On pense justement que le plafonnement des montants et la limitation de l’usage sont des facteurs très contraignants pour l’activité commerciale, déjà timide. Plus encore, c’est la physionomie tout entière du marché économique qui serait transformée, négativement bien entendu. Sans parler, bien évidemment du risque d’une éventuelle déstabilisation de l’environnement familial et social.

Car de telles dispositions ne manqueront pas d’impacter sérieusement la consommation, des ménages en premier lieu. Justement, la plupart des foyers, notamment de la classe moyenne, ont systématiquement recours aux paiements par facilité (usage des chèques antidatés) pour pouvoir répondre à leurs besoins et maintenir ainsi un niveau de vie digne. Or, la consommation est l’un des fondamentaux de l’économie, et toute action de freinage serait, certainement, fatale.

Un besoin d’accompagnement et d’alternative

D’ailleurs, selon la Banque centrale, et « pour les neuf premiers mois de 2024, 18,52 millions de chèques ont été émis pour un montant global de 95,62 milliards de dinars ». C’est dire toute l’importance de l’apport de cette pratique dans le maintien de la dynamique économique nationale, surtout que la moyenne de rejet est pratiquement faible. La BCT relève justement que 1, 47% des chèques émis durant les 9 premiers mois de 2024 ont été refusés.

Les risques de la nouvelle loi ne concernent uniquement pas les ménages, mais touchent également les commerçants qui peuvent être, de leur côté, lourdement pénalisés, puisqu’en plus de la question d’écoulement, leur marge de manœuvre en termes d’approvisionnement serait sensiblement réduite.
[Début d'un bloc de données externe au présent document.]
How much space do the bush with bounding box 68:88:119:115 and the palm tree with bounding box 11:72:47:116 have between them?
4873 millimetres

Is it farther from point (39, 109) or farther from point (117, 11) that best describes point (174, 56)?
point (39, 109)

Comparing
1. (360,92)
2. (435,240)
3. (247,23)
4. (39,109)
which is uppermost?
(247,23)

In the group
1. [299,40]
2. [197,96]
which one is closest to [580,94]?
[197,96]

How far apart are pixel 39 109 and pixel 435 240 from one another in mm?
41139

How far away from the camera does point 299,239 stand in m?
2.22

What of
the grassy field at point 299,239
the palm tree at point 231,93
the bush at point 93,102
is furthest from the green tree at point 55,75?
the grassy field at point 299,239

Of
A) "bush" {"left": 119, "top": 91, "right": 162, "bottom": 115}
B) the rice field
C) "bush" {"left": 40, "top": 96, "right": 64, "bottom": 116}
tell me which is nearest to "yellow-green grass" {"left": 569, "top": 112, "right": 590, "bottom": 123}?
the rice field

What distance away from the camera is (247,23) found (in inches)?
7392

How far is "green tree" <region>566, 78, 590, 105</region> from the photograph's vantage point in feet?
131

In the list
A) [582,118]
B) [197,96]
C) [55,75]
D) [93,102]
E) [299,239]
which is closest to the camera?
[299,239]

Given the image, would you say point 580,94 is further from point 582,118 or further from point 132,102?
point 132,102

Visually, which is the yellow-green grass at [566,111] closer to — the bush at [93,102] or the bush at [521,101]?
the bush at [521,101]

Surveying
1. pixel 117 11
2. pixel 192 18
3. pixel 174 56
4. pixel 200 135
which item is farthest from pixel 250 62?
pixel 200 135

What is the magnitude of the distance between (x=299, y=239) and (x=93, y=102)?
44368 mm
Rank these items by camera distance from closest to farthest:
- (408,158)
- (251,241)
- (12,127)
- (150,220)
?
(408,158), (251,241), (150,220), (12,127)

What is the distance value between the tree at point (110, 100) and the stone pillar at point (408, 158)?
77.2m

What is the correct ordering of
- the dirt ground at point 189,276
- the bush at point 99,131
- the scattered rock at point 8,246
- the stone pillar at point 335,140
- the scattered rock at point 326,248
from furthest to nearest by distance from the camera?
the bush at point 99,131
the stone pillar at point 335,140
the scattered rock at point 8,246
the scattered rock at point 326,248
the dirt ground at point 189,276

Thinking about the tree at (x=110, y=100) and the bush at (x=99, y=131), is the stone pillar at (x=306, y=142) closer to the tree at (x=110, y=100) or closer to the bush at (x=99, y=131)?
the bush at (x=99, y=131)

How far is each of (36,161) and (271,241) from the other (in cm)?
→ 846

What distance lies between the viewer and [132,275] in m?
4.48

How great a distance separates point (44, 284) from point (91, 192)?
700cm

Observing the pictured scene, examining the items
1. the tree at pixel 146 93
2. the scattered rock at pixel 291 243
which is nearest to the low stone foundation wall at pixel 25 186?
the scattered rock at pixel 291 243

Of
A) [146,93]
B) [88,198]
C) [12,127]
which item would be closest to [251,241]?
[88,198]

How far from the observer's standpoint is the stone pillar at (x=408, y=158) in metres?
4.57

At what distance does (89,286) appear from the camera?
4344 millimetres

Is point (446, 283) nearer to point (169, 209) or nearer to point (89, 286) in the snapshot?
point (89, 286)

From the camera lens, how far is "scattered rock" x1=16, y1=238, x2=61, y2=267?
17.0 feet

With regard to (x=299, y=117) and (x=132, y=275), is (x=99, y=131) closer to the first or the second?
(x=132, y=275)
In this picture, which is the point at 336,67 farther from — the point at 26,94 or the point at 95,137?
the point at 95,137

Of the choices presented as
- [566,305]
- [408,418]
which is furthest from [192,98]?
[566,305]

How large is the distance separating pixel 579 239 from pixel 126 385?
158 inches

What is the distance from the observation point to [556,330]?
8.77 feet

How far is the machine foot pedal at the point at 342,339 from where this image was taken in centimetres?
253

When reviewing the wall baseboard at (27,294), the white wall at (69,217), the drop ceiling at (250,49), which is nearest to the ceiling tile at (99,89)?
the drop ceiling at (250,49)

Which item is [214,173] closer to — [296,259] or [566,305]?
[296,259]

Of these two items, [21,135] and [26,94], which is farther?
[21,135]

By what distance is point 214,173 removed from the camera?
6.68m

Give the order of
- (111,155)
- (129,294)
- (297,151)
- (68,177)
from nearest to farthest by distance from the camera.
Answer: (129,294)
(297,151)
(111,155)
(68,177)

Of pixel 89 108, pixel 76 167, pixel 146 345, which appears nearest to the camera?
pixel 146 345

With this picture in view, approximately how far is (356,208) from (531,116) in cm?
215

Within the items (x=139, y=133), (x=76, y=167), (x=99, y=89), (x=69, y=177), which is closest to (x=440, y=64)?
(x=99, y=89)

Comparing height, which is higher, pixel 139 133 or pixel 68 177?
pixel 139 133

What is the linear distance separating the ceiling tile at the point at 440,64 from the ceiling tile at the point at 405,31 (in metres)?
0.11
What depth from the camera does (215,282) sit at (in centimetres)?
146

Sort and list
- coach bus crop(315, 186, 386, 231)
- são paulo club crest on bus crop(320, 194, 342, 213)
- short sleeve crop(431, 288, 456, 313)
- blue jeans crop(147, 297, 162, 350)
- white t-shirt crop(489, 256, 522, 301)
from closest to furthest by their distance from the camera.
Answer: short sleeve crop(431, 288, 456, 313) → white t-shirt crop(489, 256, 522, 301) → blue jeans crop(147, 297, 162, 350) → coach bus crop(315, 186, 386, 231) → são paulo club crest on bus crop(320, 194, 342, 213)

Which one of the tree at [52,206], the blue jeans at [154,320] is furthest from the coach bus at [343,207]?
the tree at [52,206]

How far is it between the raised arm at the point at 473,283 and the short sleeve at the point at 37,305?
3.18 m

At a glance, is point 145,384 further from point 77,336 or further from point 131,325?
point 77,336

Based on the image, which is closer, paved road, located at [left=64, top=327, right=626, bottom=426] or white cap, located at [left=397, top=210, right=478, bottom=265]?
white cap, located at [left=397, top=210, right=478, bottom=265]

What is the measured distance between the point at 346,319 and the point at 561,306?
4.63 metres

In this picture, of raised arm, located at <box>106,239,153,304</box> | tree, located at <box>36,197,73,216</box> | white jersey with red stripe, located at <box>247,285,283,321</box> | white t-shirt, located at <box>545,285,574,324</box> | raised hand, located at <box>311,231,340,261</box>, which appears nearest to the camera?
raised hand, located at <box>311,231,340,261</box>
La mise en place d’une plateforme numérique pour soumettre aussi bien les émetteurs que les nouveaux demandeurs de chéquiers à des expertises « comptables » pour vérifier leur solvabilité est une disposition gratuite. Elle pourrait même constituer une atteinte ou plutôt une violation du principe de la confidentialité.
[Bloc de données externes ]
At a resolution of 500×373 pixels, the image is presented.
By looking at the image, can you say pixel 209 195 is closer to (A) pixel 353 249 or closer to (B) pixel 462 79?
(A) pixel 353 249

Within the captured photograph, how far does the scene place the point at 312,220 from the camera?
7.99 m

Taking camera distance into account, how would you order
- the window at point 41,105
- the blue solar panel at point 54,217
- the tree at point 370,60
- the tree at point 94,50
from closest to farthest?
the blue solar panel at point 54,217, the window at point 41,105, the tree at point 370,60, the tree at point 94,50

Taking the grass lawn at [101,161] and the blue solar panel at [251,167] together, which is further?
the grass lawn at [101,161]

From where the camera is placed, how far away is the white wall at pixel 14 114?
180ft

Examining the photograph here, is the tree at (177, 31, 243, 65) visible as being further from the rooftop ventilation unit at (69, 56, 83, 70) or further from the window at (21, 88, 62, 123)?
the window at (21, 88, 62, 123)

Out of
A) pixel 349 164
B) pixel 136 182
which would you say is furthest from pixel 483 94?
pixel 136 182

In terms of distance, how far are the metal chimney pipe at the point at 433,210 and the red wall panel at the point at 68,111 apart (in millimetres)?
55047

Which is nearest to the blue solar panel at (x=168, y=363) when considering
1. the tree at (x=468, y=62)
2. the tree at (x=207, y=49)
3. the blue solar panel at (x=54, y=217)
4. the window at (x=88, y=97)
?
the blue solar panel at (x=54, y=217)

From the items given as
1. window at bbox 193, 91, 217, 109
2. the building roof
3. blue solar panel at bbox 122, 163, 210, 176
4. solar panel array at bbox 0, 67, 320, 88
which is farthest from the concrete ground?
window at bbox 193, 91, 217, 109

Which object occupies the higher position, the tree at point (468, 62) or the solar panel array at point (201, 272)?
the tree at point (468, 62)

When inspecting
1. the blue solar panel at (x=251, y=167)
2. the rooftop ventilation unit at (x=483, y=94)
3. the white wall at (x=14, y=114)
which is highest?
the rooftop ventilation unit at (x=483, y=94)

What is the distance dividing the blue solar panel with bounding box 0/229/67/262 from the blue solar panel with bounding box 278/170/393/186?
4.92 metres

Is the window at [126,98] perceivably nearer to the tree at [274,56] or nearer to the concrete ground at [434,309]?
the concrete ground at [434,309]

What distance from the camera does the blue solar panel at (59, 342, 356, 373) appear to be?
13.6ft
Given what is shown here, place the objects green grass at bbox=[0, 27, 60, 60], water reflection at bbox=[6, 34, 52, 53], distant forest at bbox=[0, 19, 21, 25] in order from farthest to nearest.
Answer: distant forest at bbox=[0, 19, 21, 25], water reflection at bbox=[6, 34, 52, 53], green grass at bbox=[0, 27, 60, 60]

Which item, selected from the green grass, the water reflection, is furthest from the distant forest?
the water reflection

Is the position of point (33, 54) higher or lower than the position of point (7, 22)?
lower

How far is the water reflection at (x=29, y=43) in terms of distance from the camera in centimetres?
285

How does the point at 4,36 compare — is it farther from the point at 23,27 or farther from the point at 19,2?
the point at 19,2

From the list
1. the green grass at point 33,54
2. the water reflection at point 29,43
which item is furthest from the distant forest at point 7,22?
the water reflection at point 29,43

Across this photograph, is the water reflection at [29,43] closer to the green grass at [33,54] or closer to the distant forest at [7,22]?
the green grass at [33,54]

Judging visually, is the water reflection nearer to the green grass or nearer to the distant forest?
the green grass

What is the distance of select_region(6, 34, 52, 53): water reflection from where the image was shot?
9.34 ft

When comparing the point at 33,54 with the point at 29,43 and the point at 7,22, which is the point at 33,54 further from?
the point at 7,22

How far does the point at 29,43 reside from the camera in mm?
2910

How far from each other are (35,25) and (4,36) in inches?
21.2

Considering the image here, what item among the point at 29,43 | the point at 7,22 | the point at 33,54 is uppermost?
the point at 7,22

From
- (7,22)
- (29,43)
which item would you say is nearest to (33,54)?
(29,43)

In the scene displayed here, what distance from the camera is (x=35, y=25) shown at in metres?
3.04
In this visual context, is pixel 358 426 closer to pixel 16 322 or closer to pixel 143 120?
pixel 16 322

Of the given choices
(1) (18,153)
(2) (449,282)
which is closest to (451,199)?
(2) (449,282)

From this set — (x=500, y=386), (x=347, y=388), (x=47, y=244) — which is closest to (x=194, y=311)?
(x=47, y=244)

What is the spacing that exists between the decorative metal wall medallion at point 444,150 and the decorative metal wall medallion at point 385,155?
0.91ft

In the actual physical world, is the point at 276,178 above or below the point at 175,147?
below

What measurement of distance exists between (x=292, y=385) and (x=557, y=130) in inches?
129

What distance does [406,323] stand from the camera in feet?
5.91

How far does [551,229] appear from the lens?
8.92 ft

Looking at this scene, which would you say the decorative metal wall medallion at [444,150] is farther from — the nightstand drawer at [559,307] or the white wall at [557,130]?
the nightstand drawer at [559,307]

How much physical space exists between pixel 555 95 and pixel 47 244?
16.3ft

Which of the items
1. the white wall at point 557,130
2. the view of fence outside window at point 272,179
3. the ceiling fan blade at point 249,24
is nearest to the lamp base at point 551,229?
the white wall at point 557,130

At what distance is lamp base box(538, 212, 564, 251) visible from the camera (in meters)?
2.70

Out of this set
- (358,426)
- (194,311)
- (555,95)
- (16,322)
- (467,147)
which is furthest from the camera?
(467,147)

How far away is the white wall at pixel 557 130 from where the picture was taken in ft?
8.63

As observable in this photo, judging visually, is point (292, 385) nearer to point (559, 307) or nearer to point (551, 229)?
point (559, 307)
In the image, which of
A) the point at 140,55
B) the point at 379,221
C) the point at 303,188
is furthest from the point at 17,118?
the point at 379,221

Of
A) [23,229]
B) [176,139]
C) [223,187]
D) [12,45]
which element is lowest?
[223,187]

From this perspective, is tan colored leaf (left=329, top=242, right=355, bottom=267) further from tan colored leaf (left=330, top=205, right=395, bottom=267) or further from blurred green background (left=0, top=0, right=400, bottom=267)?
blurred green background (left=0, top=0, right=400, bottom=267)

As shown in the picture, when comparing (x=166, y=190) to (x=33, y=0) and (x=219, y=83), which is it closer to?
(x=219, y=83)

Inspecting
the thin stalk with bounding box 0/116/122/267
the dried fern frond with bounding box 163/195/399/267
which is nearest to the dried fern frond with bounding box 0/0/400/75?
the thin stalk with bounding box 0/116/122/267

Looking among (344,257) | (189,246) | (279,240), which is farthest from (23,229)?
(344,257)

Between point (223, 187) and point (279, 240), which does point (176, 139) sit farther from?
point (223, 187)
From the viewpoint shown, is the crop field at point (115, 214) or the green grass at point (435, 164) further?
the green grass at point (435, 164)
Et le problème va encore plus loin pour atteindre les entreprises, notamment les PME, qui constituent plus de 80% du tissu économique national. En effet, la mise en application des dispositions de la nouvelle réglementation priveraient cette catégorie d’entreprises « de la flexibilité financière nécessaire à l’accomplissement de leurs transactions et la gestion de leur trésorerie », comme l’affirment certains experts. Ces éventuelles difficultés pourraient conduire, à moyen terme, ces entreprises à l’abandon. Ce qui signifie que si un tel scénario se présentait, il y aurait moins d’entreprises, moins d’emplois et donc moins de sources de revenu.

Ainsi, et face à la délicatesse de l’équation économique, les observateurs pensent qu’il serait plus prudent de reporter la mise en application de cette réglementation et de s’accorder le temps nécessaire pour réétudier en profondeur cette question et anticiper du coup les éventuelles implications.
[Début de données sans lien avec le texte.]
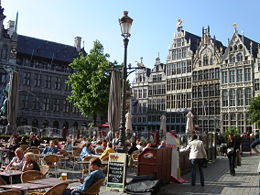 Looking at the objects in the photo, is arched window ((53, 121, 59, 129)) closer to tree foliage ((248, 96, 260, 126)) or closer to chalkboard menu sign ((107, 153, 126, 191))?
tree foliage ((248, 96, 260, 126))

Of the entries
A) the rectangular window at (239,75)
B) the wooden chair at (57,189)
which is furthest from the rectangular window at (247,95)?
the wooden chair at (57,189)

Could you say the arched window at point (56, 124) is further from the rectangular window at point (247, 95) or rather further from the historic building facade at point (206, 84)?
the rectangular window at point (247, 95)

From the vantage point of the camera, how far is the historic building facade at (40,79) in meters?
46.9

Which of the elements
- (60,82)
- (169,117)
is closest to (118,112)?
(169,117)

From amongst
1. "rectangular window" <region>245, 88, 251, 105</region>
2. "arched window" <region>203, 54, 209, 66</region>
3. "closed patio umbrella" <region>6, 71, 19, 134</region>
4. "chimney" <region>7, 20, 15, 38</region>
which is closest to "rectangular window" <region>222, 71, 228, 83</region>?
"arched window" <region>203, 54, 209, 66</region>

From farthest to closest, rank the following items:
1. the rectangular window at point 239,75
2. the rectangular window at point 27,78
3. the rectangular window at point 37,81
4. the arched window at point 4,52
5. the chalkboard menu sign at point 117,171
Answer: the rectangular window at point 37,81 < the rectangular window at point 27,78 < the arched window at point 4,52 < the rectangular window at point 239,75 < the chalkboard menu sign at point 117,171

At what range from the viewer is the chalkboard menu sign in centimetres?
844

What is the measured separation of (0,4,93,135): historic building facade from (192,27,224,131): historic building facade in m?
19.2

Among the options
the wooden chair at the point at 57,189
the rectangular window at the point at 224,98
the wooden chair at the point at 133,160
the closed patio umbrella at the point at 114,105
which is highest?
the rectangular window at the point at 224,98

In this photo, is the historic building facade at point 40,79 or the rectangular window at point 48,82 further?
the rectangular window at point 48,82

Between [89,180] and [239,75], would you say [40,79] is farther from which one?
[89,180]

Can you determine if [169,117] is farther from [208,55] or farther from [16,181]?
[16,181]

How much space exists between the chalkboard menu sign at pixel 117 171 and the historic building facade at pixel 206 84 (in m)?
37.3

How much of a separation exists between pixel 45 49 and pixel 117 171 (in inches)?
1884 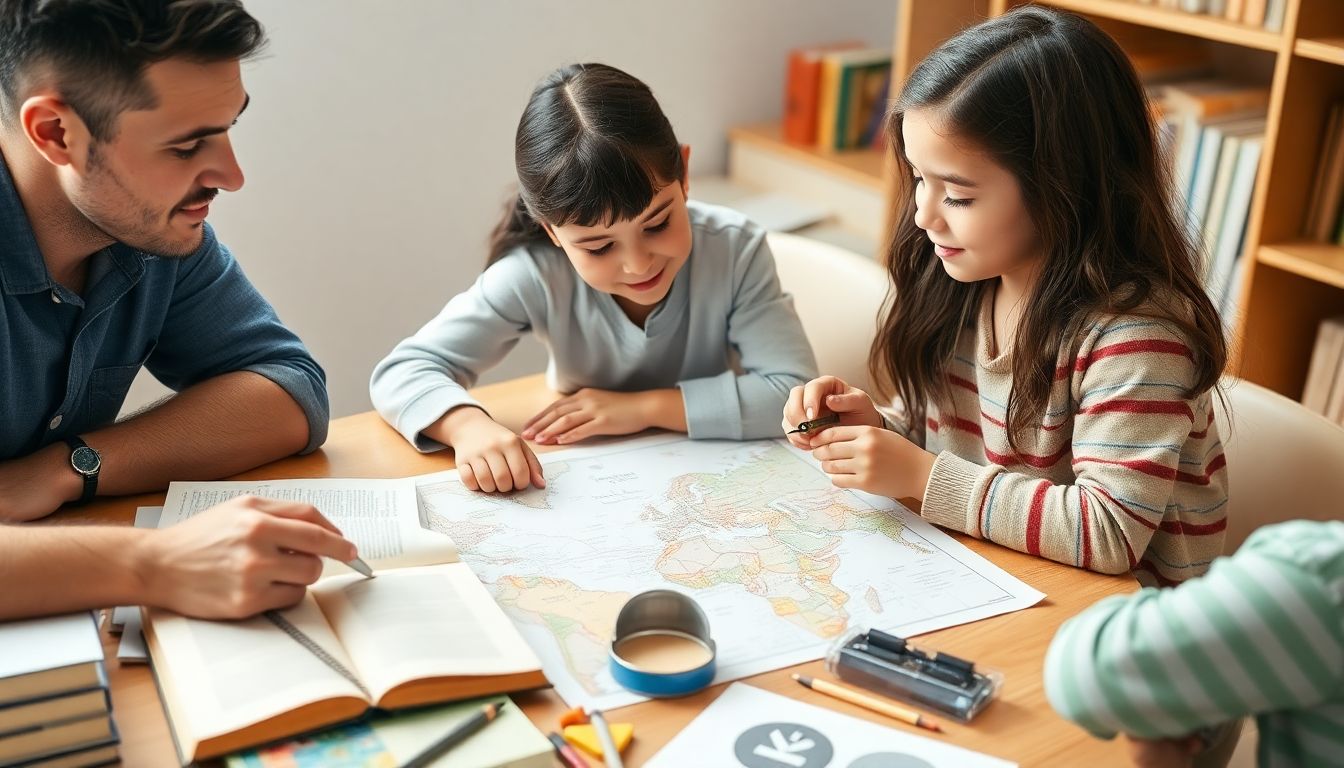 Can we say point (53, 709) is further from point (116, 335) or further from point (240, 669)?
point (116, 335)

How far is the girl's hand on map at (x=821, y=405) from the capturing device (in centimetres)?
146

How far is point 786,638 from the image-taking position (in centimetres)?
112

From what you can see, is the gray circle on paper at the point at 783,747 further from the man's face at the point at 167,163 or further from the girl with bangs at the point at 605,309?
the man's face at the point at 167,163

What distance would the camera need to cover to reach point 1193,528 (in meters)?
1.40

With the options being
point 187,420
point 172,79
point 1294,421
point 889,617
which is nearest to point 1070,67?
point 1294,421

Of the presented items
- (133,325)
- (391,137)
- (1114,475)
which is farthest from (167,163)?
(391,137)

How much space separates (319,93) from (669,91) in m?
0.89

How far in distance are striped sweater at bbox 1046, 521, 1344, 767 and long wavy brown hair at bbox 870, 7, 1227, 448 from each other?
1.70 ft

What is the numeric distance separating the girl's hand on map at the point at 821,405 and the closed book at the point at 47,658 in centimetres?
78

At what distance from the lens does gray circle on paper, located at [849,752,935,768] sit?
0.96 metres

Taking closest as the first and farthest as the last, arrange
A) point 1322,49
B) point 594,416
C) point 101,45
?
point 101,45 < point 594,416 < point 1322,49

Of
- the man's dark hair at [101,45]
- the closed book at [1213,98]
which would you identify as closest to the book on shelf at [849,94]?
the closed book at [1213,98]

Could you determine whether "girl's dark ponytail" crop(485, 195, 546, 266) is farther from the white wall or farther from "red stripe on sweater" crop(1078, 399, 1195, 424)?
the white wall

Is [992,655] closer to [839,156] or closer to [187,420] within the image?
[187,420]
L’on estime également qu’il est important d’adosser cette nouvelle loi à des mesures d’accompagnement appropriées et d’offrir notamment les alternatives adéquates. Le lancement de lignes de financement spécifiques à des taux préférentiels ou encore la revalorisation de la traite pour qu’elle ne demeure plus une simple reconnaissance de dette mais un mode de paiement tout à fait légal pourraient constituer une bonne parade.

En somme, l’on peut affirmer que la mise en application de la nouvelle réglementation relative aux chèques n’est pas en soi une obligation ou une urgence, mais plutôt un choix. Et tout le monde en convient, l’engagement de tout choix suppose, au préalable, de la réflexion, la planification et, plus important encore, la bonne lecture des enjeux.

Et c’est cette même logique qui justifie tous les appels à la nécessité de revoir certaines dispositions de cette loi, ou du moins de reporter sa mise en application. Le temps de préparer l’alternative.